I noticed something striking about companies using Snowflake: they're sophisticated, data-driven B2B enterprises focused on the entire customer lifecycle. The presence of tools like Mindtickle for sales enablement, Qualtrics for experience management, and Auditboard for governance tells me these aren't scrappy startups. They're mature organizations that have moved beyond basic analytics into orchestrating complex, regulated business operations with data at the center.
The pairing of Snowflake with Mindtickle is particularly revealing. Companies investing heavily in sales training and readiness need robust data infrastructure to track what's working across their sales organization. Similarly, the Watershed connection makes perfect sense. These companies are measuring and reporting on ESG metrics, which requires the kind of data warehousing and integration capabilities that Snowflake provides. The Adobe Audience Manager correlation shows these organizations are running sophisticated marketing operations that depend on unified customer data for personalization and segmentation at scale.

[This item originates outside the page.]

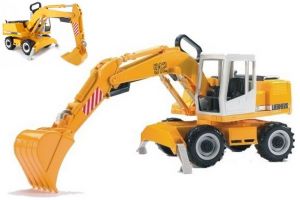 BRUDER 02426 (2426) - Bagr LIEBHERR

My analysis shows these are definitively sales-led organizations in growth or mature stages. The combination of Highspot for sales content management, Mindtickle for training, and Auditboard for compliance suggests companies with large, distributed sales teams operating in regulated industries. They're likely selling complex products with long sales cycles, which explains why they need both powerful data infrastructure and extensive tooling to enable their go-to-market teams. The Qualtrics presence indicates they're also deeply focused on customer feedback and continuous improvement across touchpoints.